Ivan Rand had a long, varied and remarkable career. He is best known for his Supreme Court of Canada judgments in a series of cases emanating from Quebec in the 1950s and dealing with civil rights, cases which established limits on the government’s ability to persecute unpopular religious minorities. To labour lawyers he is also an icon for his invention of the ‘Rand formula’, one of the defining features of Canadian labour law. Rand was also a member of the United Nations special committee on Palestine in 1947, the founding Dean of the University of Western Ontario law school, and three times a royal commissioner, looking into the problems of the Canadian coal industry, the misconduct of Mr. Justice Leo A. Landreville, and labour disputes in Ontario. In this thoroughly researched and fast-paced book, William Kaplan traces Rand’s life and career in all its richness and controversy – Rand as lawyer, politician, judge, dean, and royal commissioner – through many seminal events of the twentieth century in Canada. The Rand that emerges is variously inspiring, frustrating to understand, sometimes contradictory, always complex.

Reviews of Canadian Maverick: The Life of Ivan C. Rand

Ivan Rand is a quintessential Canadian personality. And William Kaplan has delivered an equally representative biography. As such, Canadian Maverick is a splendid Canadian biography of a definitive Canadian figure. Allan Hutchinson, 'Your Typical Canadian Hero.' Globe and Mail, October 27, 2009.
Canadian Maverick does a masterful job of building the history around the man, and though the book demands an intrepid reader, the amount of detail provided is impressive.... Kaplan could only be true to Rand's legacy by writing a biography that is itself a "maverick" in the new and evolving genre of Canadian judicial biography. Jamie Cameron, Osgoode Hall Law Journal, vol 48, 2010, p. 369.
The fact remains that Rand's record of service to Canada, both as a judge and in the performance of other duties for governments, is ample evidence of his stature as a great Canadian. The author has done an excellent job of portraying him warts and all. His book ranks high among the many biographies of judges I have had the pleasure to read. Gerard La Forest, 'Justice Rand's Biography: Reflections and Recollections', Manitoba Law Journal, vol 34, 2010-2011, p. 6.
William Kaplan's biography about Ivan Rand (who served on the Supreme Court from 1943-1959) is the latest in a series of judicial biographies, and it provides many important insights about a judge who was at the forefront of what might be called the "independence movement" in Canadian constitutional law. Matthew Lewans, Alberta Law Review, vol 48, 2011, p. 796.
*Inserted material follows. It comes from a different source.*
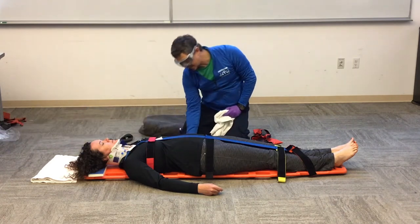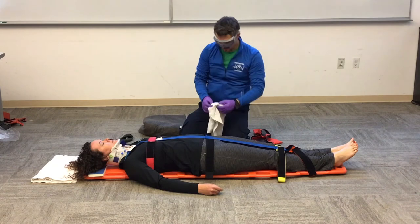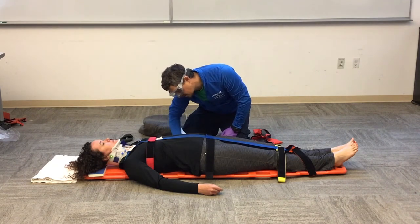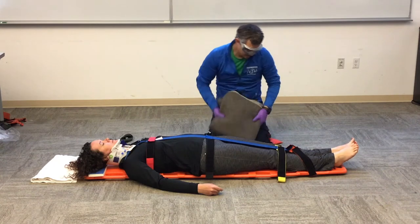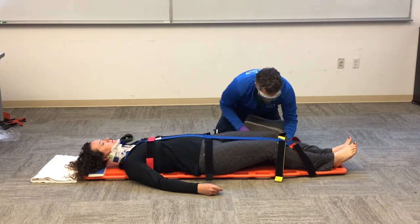I'll use my hand to feel underneath the small of her back. I've got a little bit of padding to put in there that I can feed under to give her a little bit of padding. And then I can give a little bit of padding underneath her knees.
Reviews have also appeared in the following publications:

  • Joanne V. Colledge, Saskatchewan Law Review, vol 74, 2011, p 293.
  • David Dyzenhaus, University of Toronto Law Journal, vol 61, 2011, p 521.
  • Colin Campbell, British Journal of Canadian Studies, vol 23, 2010, p 295.
  • Philip Slayton, Literary Review of Canada, Vol 18, March 2010, p 22.
  • Sheldon Kirshner, The Canadian Jewish News, Nov 26 2009, p 24.
  • Christopher Moore, 'Revisiting Canadian rights crusader Ivan Rand', Law Times, November 16, 2009.